## [Work instruction]
Among the records below, find the line with "Certified 2021 GMC" and the line with "Überdachter Blick auf". Set down both and every line between, exactly and with no pictures, but nothing else.

## [Data for this exercise]
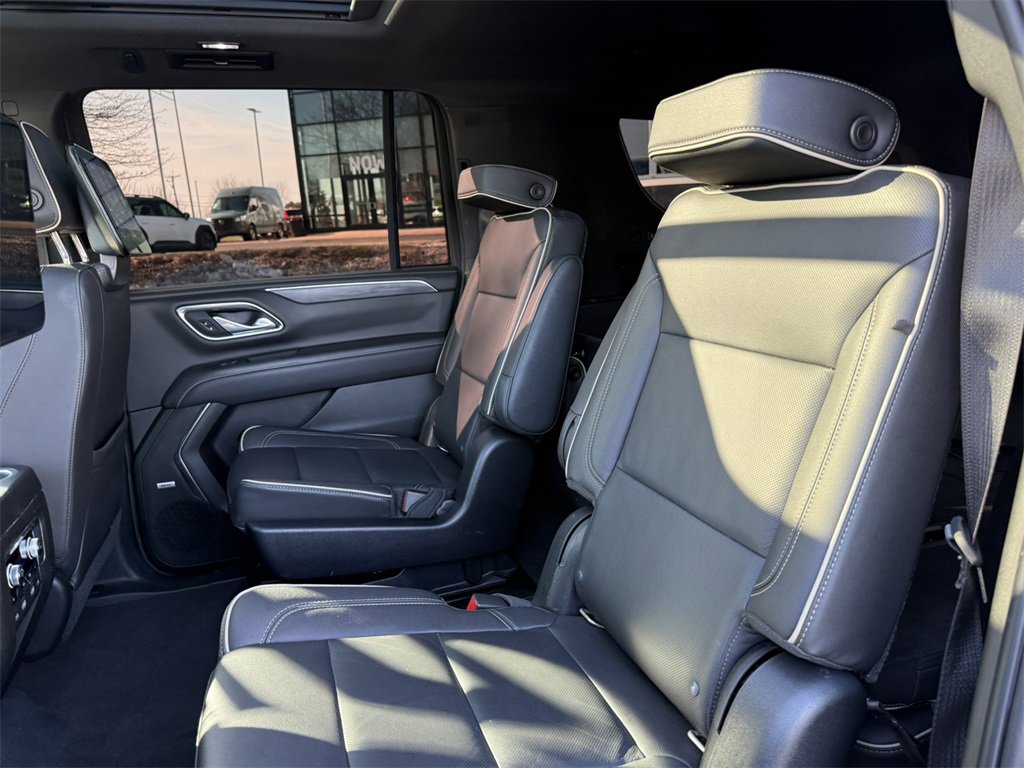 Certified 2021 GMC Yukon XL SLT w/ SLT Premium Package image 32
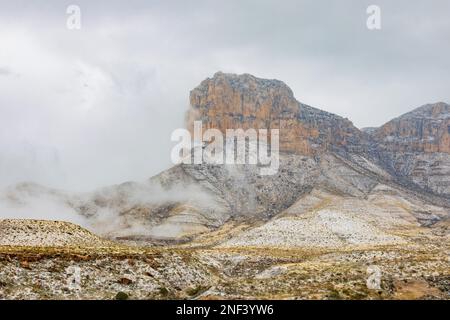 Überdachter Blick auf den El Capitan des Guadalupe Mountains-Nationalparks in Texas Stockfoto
==
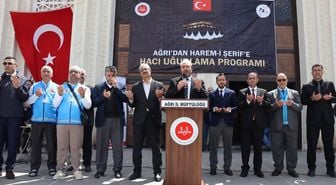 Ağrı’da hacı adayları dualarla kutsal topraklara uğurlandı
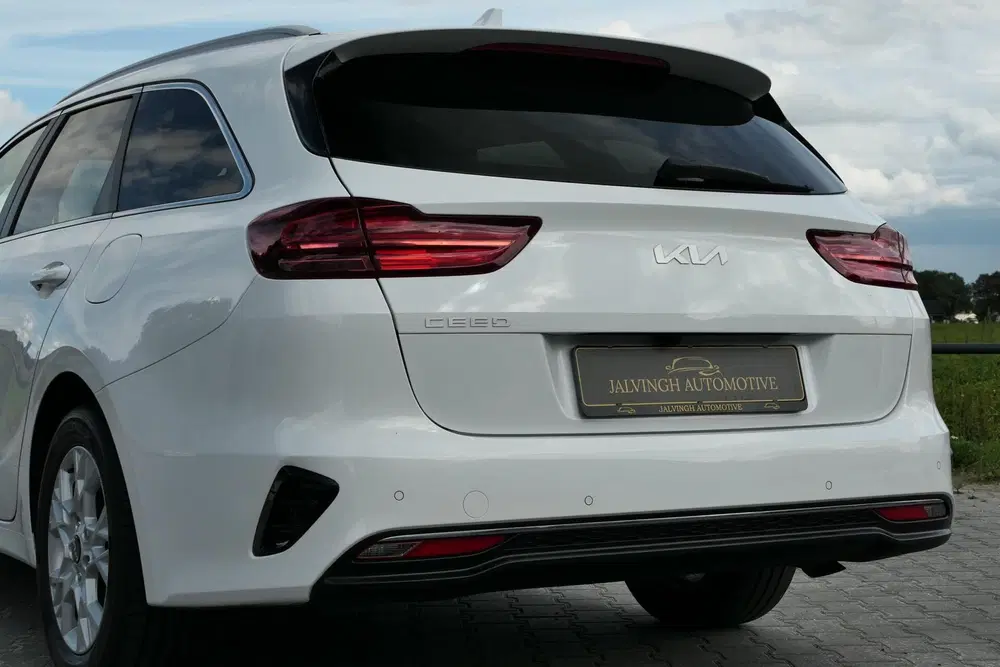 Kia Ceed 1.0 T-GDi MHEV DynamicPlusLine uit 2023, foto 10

## [Result below]
 Certified 2021 GMC Yukon XL SLT w/ SLT Premium Package image 32
 Überdachter Blick auf den El Capitan des Guadalupe Mountains-Nationalparks in Texas Stockfoto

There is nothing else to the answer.